Julia (d. 68 BCE)
Julia (d. 68 bce)
Roman noblewoman and aunt of Julius Caesar. Died in 68 bce (some sources cite 69 bce); daughter of Marcia (fl. 100 bce) and Gaius Julius Caesar; sister of C. Julius Caesar (praetor, 85 bce, father of Julius Caesar) and Sextus Julius Caesar (consul, 91 bce); aunt of Julius Caesar, Roman emperor; married Gaius Marius (consul, d. 86 bce).
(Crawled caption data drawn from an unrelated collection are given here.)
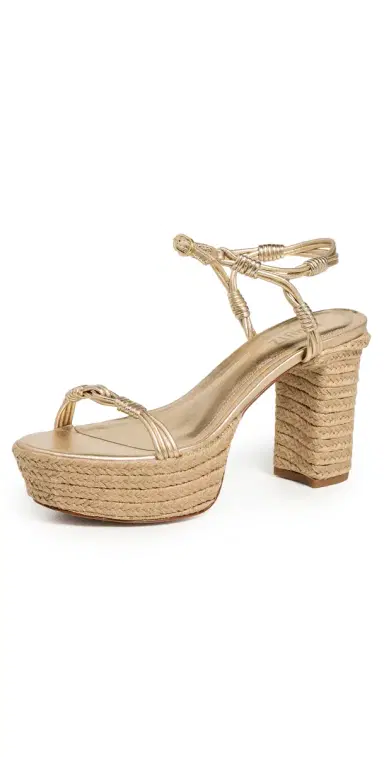 Schutz Nara Platform Sandals Platina 9 | Thumbnail 1 Schutz Nara Platform Sandals Platina 9 | Thumbnail 1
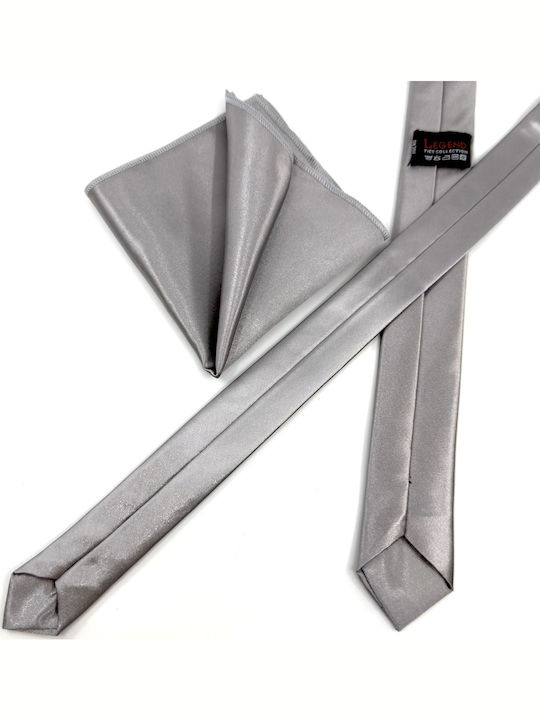 Legend Accessories Herren Krawatten Set Monochrom in Gray Farbe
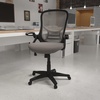 image:imageFlash Furniture Porter HighBack Swivel Office Chair with Adjustable Lumbar Support and Seat Height Ergonomic Mesh Desk Chair with FlipUp Armrests GrayBlackLight Gray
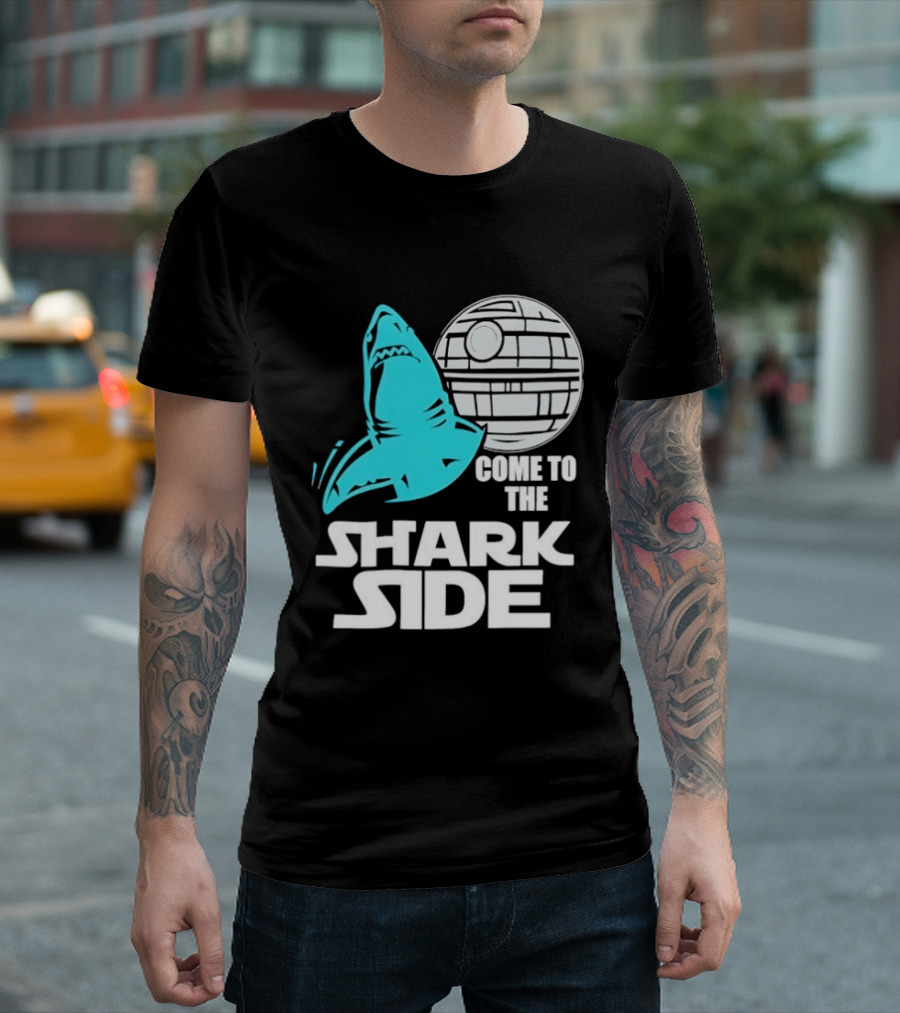 Come To The Shark Side With Death Star T-Shirt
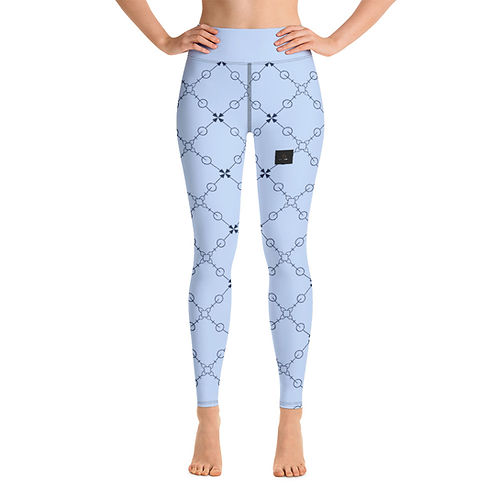 LLTFF (Life Blue) Exclusive Designer Womens Yoga Leggings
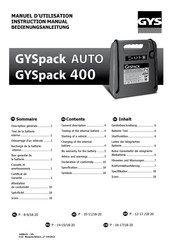 GYS GYSPACK 400 Manual De Instrucciones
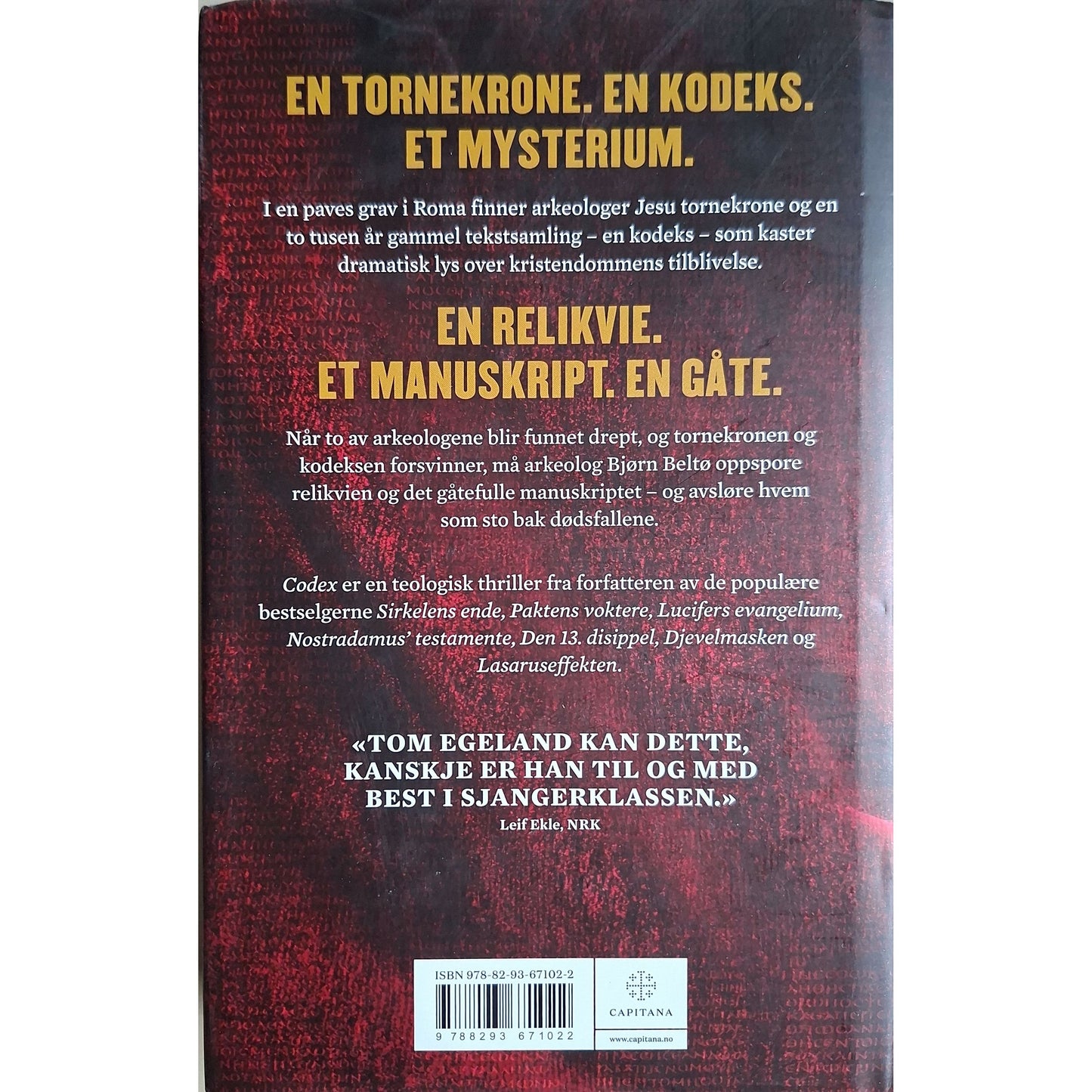Egeland, Tom: Bjørn Beltø 8 - Codex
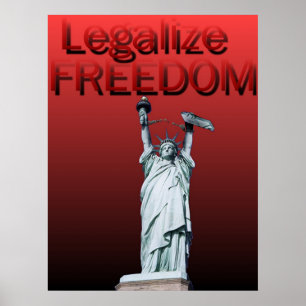 Poster Legalize a liberdade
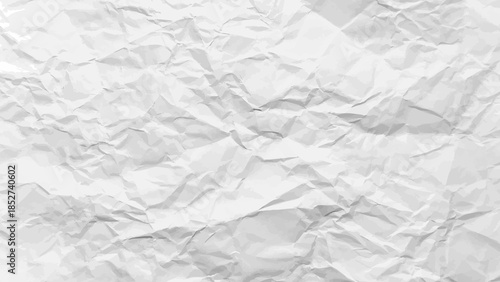 White clean crumpled paper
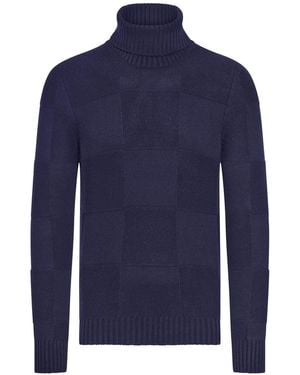 Nome G Turtleneck Jumper - Blue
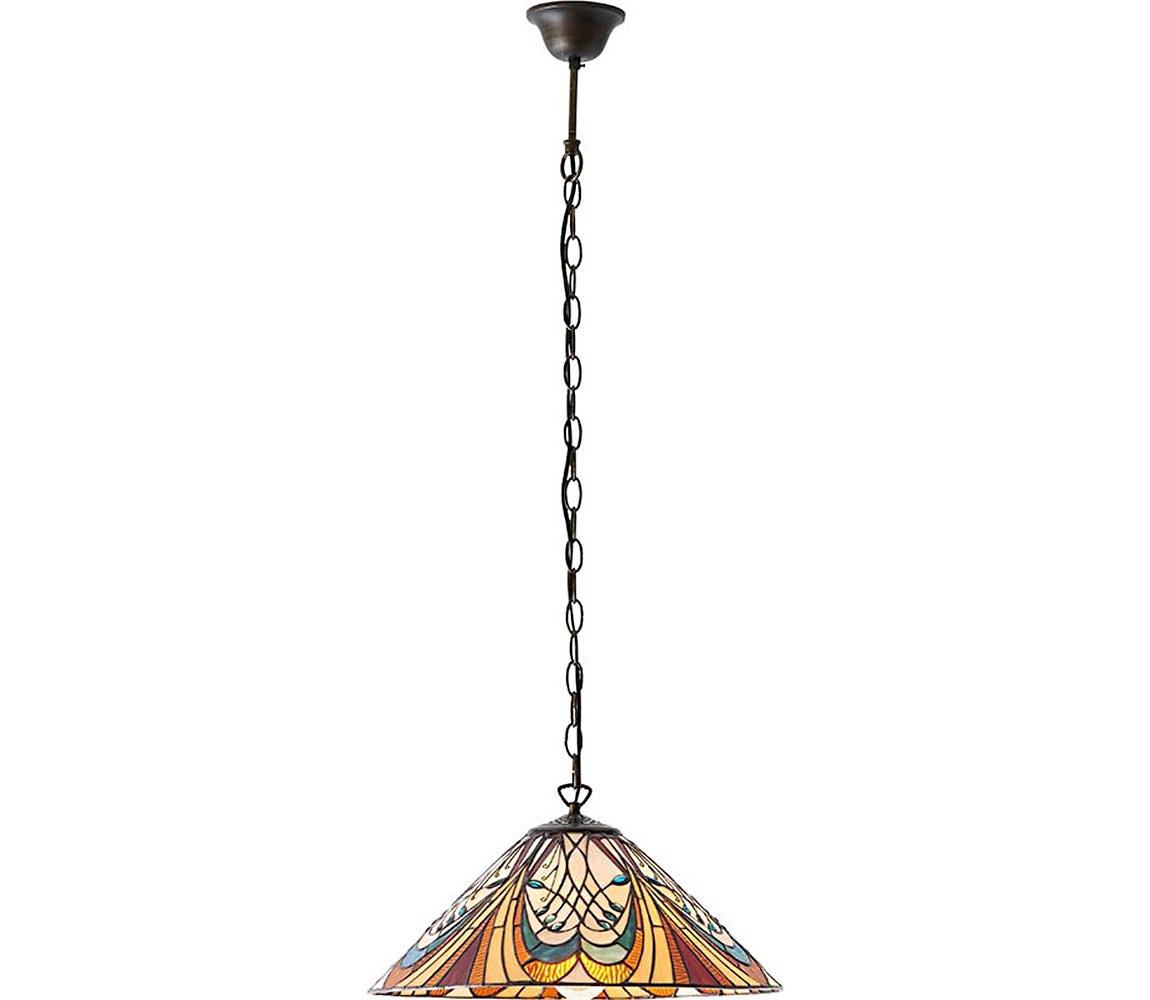 Endon 64162 - Závesný luster Tiffany HECTOR na reťazi 1xE27/60W/230V pr. 40 cm 64162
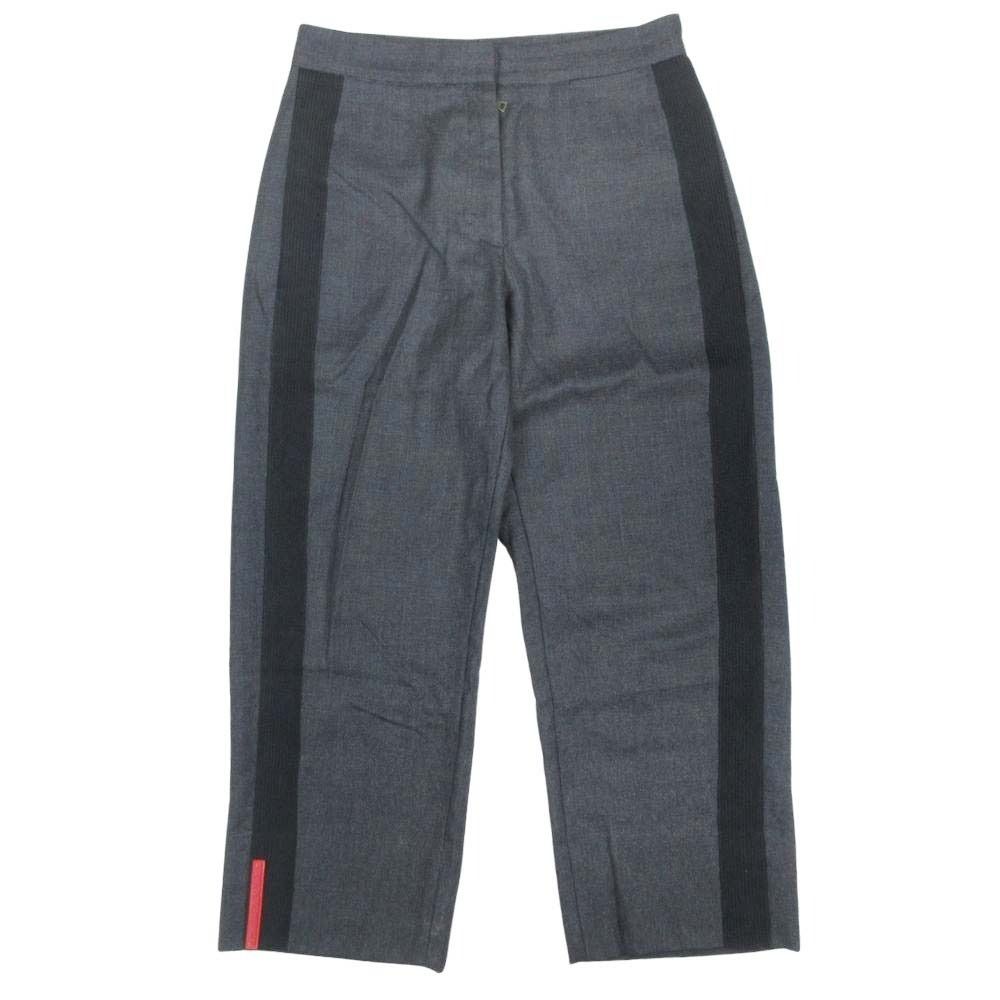 PRADA テーパードウールスラックス PRADA - PRADA プラダ ハウンドトゥースウールスラックスパンツ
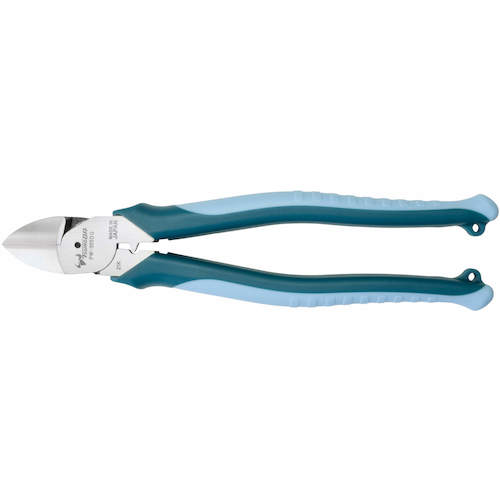 TTC POWER 얇은 날 니퍼(편심 테코) 엘라스토머 그립 전장 225mm PW-305DG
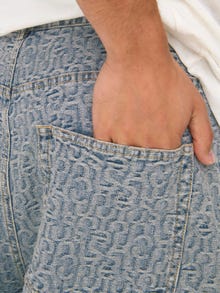 ONLY & SONS ONSCARL Mittlere Taille Ballon Schnitt 5-Pocket-Shorts -Light Blue Denim - 22034106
It was the marriage of Julia, aunt of Julius Caesar, to dictator Gaius Marius that propelled the young Caesar into politics. As a result of Julia's efforts, Marius planned to name Caesar the flamen Dialis (priest of Jupiter). Despite Caesar's previous plans to marry the daughter of a wealthy equestrian (business-class) family, he married Cornelia , daughter of the consul Lucius Cornelius Cinna, to fulfill the requirement that the flamen marry a patrician. Because of Marius' changing political fortunes, however, Caesar was never appointed flamen.
Caesar eventually triumphed, nonetheless. In 73 bce, the Romans elected him one of the 24 military tribunes, his first elected office. Elected quaestor (junior magistrate) in 69, he gave public funeral orations honoring his recently deceased aunt Julia and his wife Cornelia. According to Suetonius, Caesar took the opportunity in his oration to glorify his family:
The family of my aunt Julia is descended by her mother from the kings, and on her father's side is akin to the immortal Gods. … Our stock therefore has at once the sanctity of kings, and the claim to reverence which attaches to the Gods.